It is a collection of stories by the English author Rudyard Kipling


Most of the characters are animals such as Shere Khan the tiger and Baloo the bear, though a principal character is the boy or "man-cub" Mowgli, who is raised in the jungle by wolves. The stories are set in a forest in India; one place mentioned repeatedly is "Seonee" (Seoni), in the central state of Madhya Pradesh.


A major theme in the book is abandonment followed by fostering, as in the life of Mowgli, echoing Kipling's own childhood. The theme is echoed in the triumph of protagonists including Rikki-Tikki-Tavi and The White Seal over their enemies, as well as Mowgli's. Another important theme is of law and freedom; the stories are not about animal behaviour, still less about the Darwinian struggle for survival, but about human archetypes in animal form. They teach respect for authority, obedience, and knowing one's place in society with "the law of the jungle", but the stories also illustrate the freedom to move between different worlds, such as when Mowgli moves between the jungle and the village. Critics have also noted the essential wildness and lawless energies in the stories, reflecting the irresponsible side of human nature.

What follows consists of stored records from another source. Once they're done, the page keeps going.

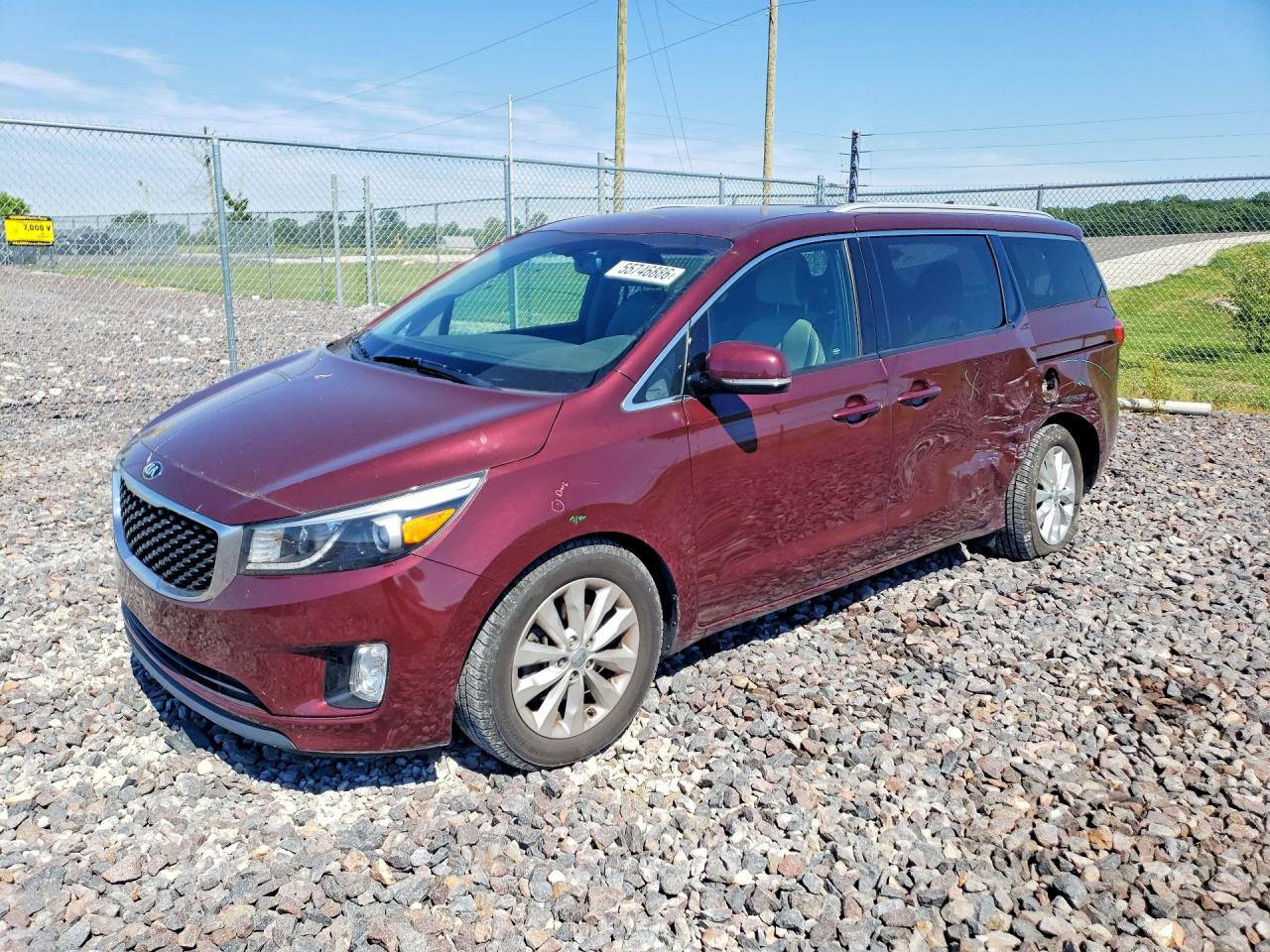 Salvage Kia Sedona Image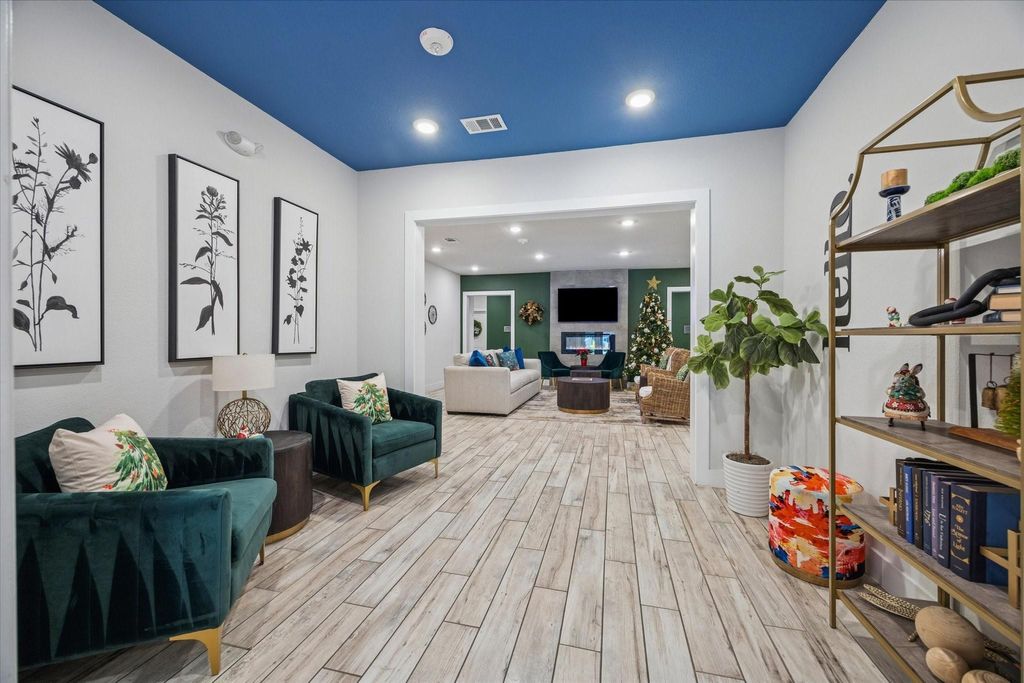 Photo of 6804 Westview Dr, Unit 2307 Drive, Houston, TX 77055 (MLS # 61917060)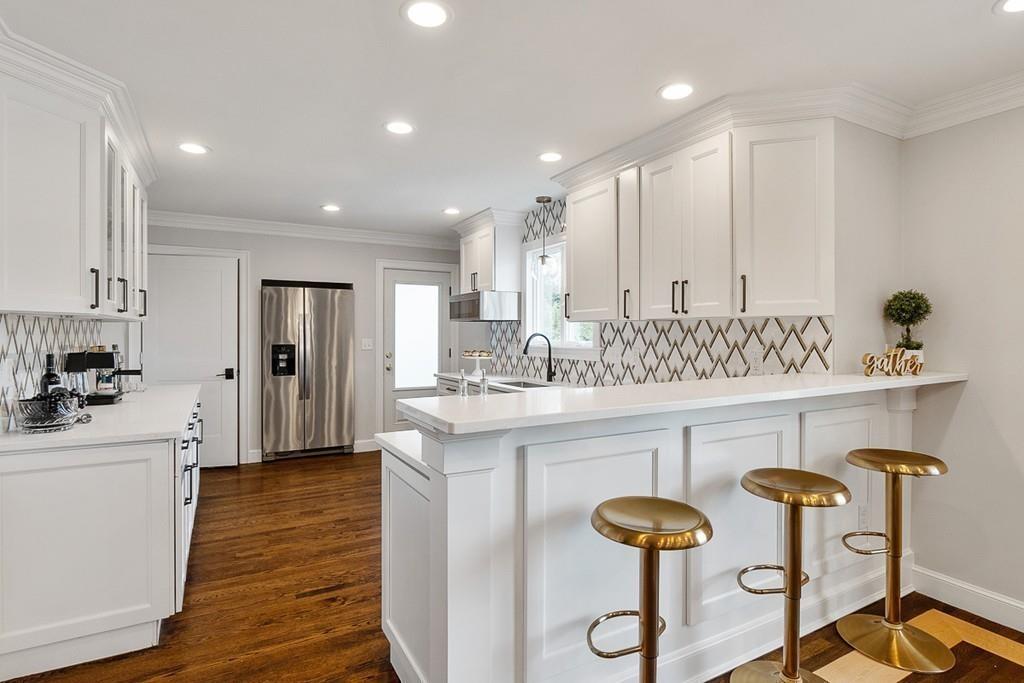 41 Windsor Park Road Lowell, MA 01852 - Photo 8 of 42 Gallery Image 8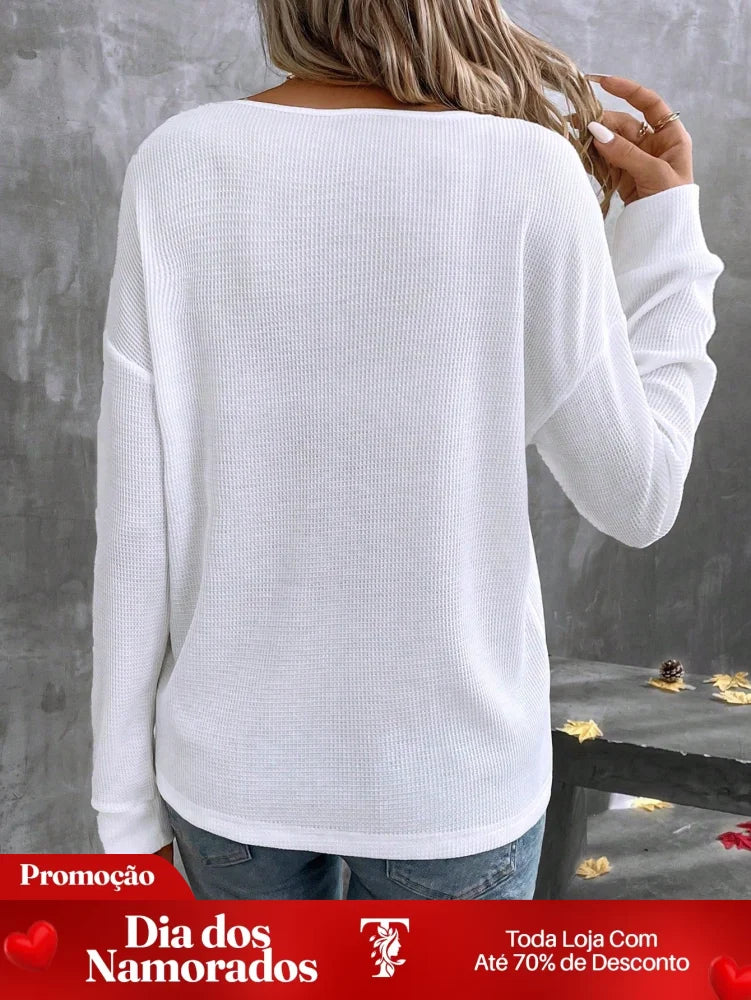 Camiseta com Decote V Contrastante e Manga Longa Camiseta com Decote V Contrastante e Manga Longa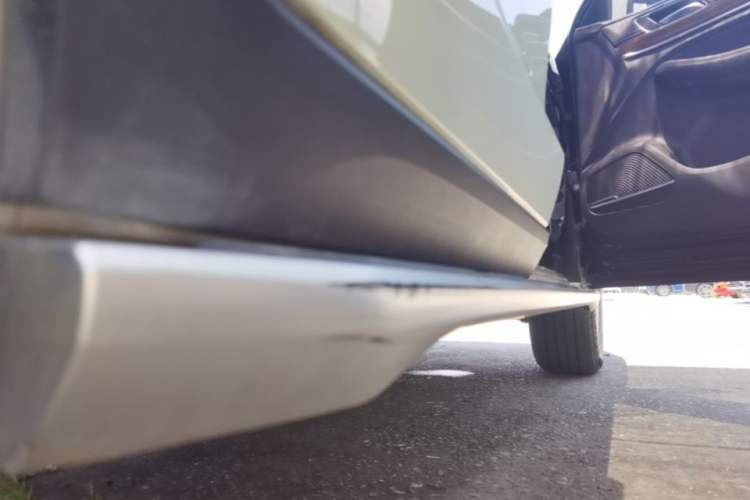 Used Roewe RX8 2019 30T Smart Connectivity Two-Wheel Drive Supreme Flagship Edition Right Side Sill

The Jungle Book has remained popular, partly through its many adaptations for film and other media. Critics such as Swati Singh have noted that even critics wary of Kipling for his supposed imperialism have admired the power of his storytelling. The book has been influential in the scout movement, whose founder, Robert Baden-Powell, was a friend of Kipling's. Percy Grainger composed his Jungle Book Cycle around quotations from the book.


CONTEXT

The stories were first published in magazines in 1893–94. The original publications contain illustrations, some by the author's father, John Lockwood Kipling. Rudyard Kipling was born in India and spent the first six years of his childhood there. After about ten years in England, he went back to India and worked there for about six and a half years. These stories were written when Kipling lived in Naulakha, the home he built in DummerstonVermont, in the United States. There is evidence that Kipling wrote the collection of stories for his daughter Josephine, who died from pneumonia in 1899, aged 6; a first edition of the book with a handwritten note by the author to his young daughter was discovered at the National Trust's Wimpole Hall in Cambridgeshire, England, in 2010.


BOOK

Description

The tales in the book (as well as those in The Second Jungle Book, which followed in 1895 and includes five further stories about Mowgli) are fables, using animals in an anthropomorphic manner to teach moral lessons. The verses of "The Law of the Jungle", for example, lay down rules for the safety of individuals, families, and communities. Kipling put in them nearly everything he knew or "heard or dreamed about the Indian jungle". Other readers have interpreted the work as allegories of the politics and society of the time.

Origins


The stories in The Jungle Book were inspired in part by the ancient Indian fable texts such as the Panchatantra and the Jataka tales. For example, an older moral-filled mongoose and snake version of the "Rikki-Tikki-Tavi" story by Kipling is found in Book 5 of Panchatantra. In a letter to the American author Edward Everett Hale, Kipling wrote,
The idea of beast-tales seems to me new in that it is a most ancient and long forgotten idea. The really fascinating tales are those that the Bodhisat tells of his previous incarnations ending always with the beautiful moral. Most of the native hunters in India today think pretty much along the lines of an animal's brain and I have "cribbed" freely from their tales.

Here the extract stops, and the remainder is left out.